McCabe & Mrs. Miller
Steven Hellerstedt | 04/19/2004
(5 out of 5 stars)

"I've got to admit I'm a little surprised to read the negative critiques of McCABE & MRS. MILLER here. In my opinion this is one of the five greatest movies ever, in any genre, and I'm not an Altman fan. Anyway, here's my response to some of the criticism.
This film has too much realism - I watched the movie with the audio commentary by Robert Altman and producer David Foster (which is good, as far as those things go), and the short documentary on the making of McCABE & MRS. MILLER, which I believe was made shortly after the movie. The realism, in my opinion, is what gives this movie depth and texture. The town was being built while the movie was being shot (the film was shot in sequence), and the buildings are not facades. They are real buildings. Interior shots were done in them and not in studio. It's pointless, boring and pretentious - I think because Altman focuses so much on characters and their motivations the viewer may miss the plot. The plot here is pretty simple - At the turn of the last century a man builds a gambling/whore house in a small mining town. An astute madam joins him and in short order the venture is a success. Such a success, in fact, that an outside concern wants to buy him out. Two men are sent to the small town to negotiate with him, and he drunkenly refuses their offer. They leave and the outside concern takes the next step, which is to employ three hired killers to do away with McCabe.
I suppose letting characters evolve and refraining from throwing plot points at us can seem pretentious. To me, it simply felt like the director wasn't talking down to me. Altman says somewhere in the voice over that movies are canvases to him, and he likes working in the corners. That's not everybody's cup of tea.
And the ending.... Well, it ain't supposed to end like that, and even those of us who love the movie wish it had ended on a more positive note. We wish it only because we've become involved with the characters. But, if it had ended differently, if Mrs. Miller hadn't made that midnight run to Chinatown, we probably wouldn't be talking about it 30+ years on. Dismal story, dismal photography - Altman speaks some about the "look" of the movie. The cinematographer, Vilmos Zsigmond, "flashed" the negatives to give it a daguerreotype feel. Flashing a negative is briefly exposing it to light before developing it. I hadn't noticed until I rewatched it the other day how the look changes after the pivot point - the failed negotiations. Before that the film looks warm and soft-focused, after that it acquires a harsh, white, sharp-focused look. The look, from set design to photography, is perfect. McCABE & MRS. MILLER killed the genre - That's kind of like saying Pete Rose destroyed baseball.
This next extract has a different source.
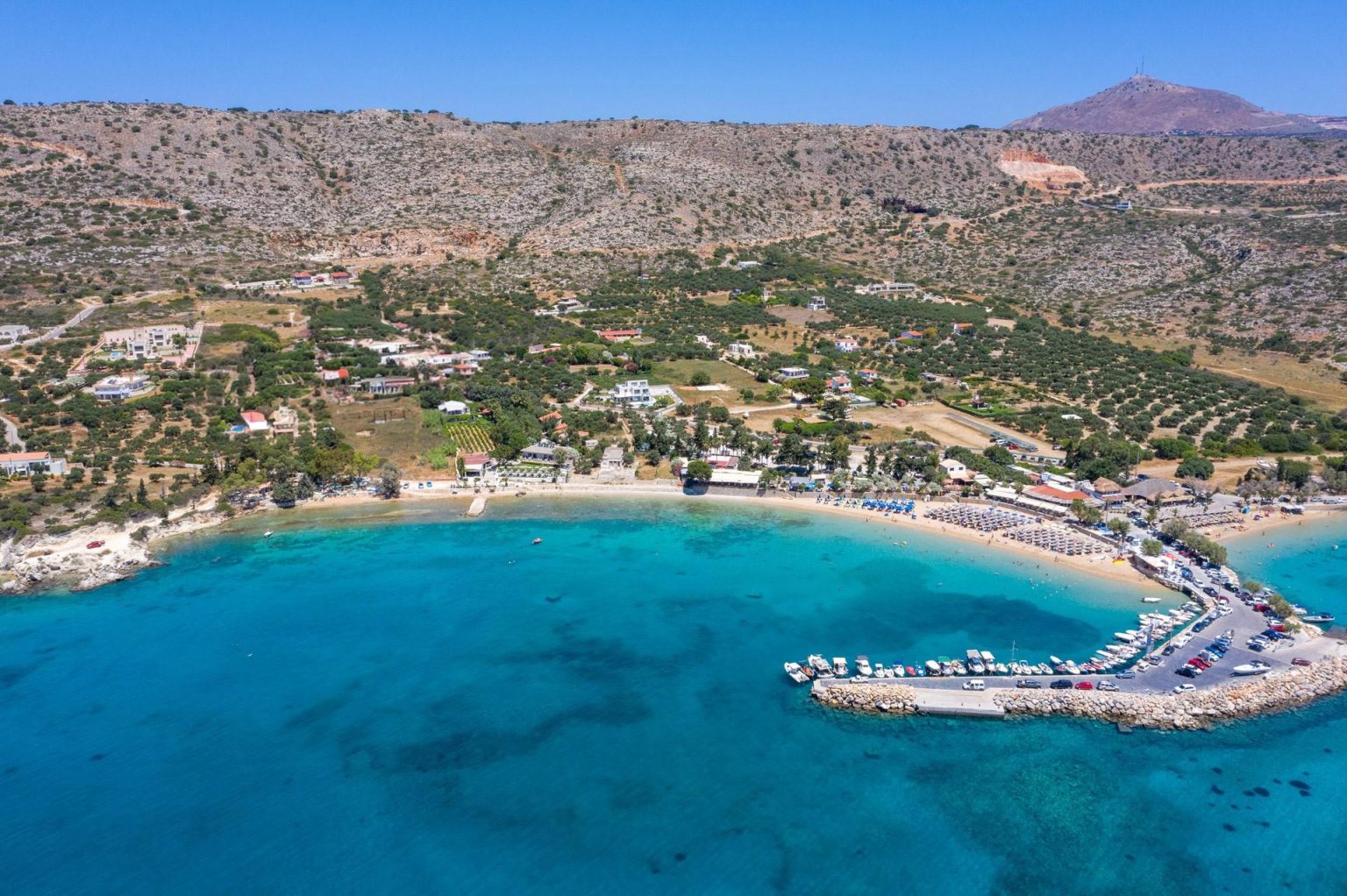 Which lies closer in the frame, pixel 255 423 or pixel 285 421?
pixel 255 423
I'm a huge fan of Westerns, from Gene Autry to John Wayne to Clint Eastwood and all stops in between, and I think this fits comfortably in the genre. I certainly think McCabe's response to the threat at the end of the film is truer to reality than most. When you got skilled bad guys tracking you, you hide in the corner and shot them in the back if you get the chance."
The real west, brought to life with a harsh, brutal beauty
John Grabowski | USA | 09/07/2006
(5 out of 5 stars)

"C'mon now, fess up: did you ever really believe in John Wayne as a cowboy? Or any of the other actors from 30s, 40s and 50s westerns? With their clean shirts, their white hats, their crisp scarves and their middle-America ethics, they were about as convincing as Harrison Ford as the president of the United States. The westerns of times past were about what we wanted the west to be, not what it was. Because the real west wasn't pretty and it wasn't romantic. It stank.

With this movie I was able to believe in the western setting for the first time. Altman's McCabe and Mrs. Miller (from a novel by Edmund Naughton) not only deconstructs the cliches--the lone hero standing up to lots of bad guys, the hooker with a heart of gold, the town that pulls together--it suggests far more plausible realities about how the west was won. Altman's town is in business for its own survival. While, as Roger Ebert points out, "everybody knows everybody," and has long before the picture started, there's no team spirit here. Each character is a mercenary, and no one is noble. That's probably how it was in the real west if you wanted to survive past next Tuesday. That's probably why the film focuses so much on the church--it's a little bastion of relief after all the hypocracy that goes on from Monday through Saturday.

Early on Beatty's McCabe says he is trying to get away from "partners," people coming into his life and telling him what to do. One of Altman's central points is you cannot do that in a world that mirrors an organism, where many parts and not the single cell are what determine survival. More even than Fred Schepisi's excellent and underrated Barbarosa (1976), this western is about the anti-hero. Or maybe the non-hero. We sense McCabe will not escape the men who want his business interest from the first time they meet--everyone seems to figure that out but him. Mrs. Miller also seems to be fleeing something--we're never sure what exactly--but she appears out of whole cloth looking for McCabe and says she was "sent" to look for him, not really explaining anything with that explanation. Her motivation for hooking up with him remains elusive to me. She could have done better elsewhere. --Or maybe she just needed a man to boss around.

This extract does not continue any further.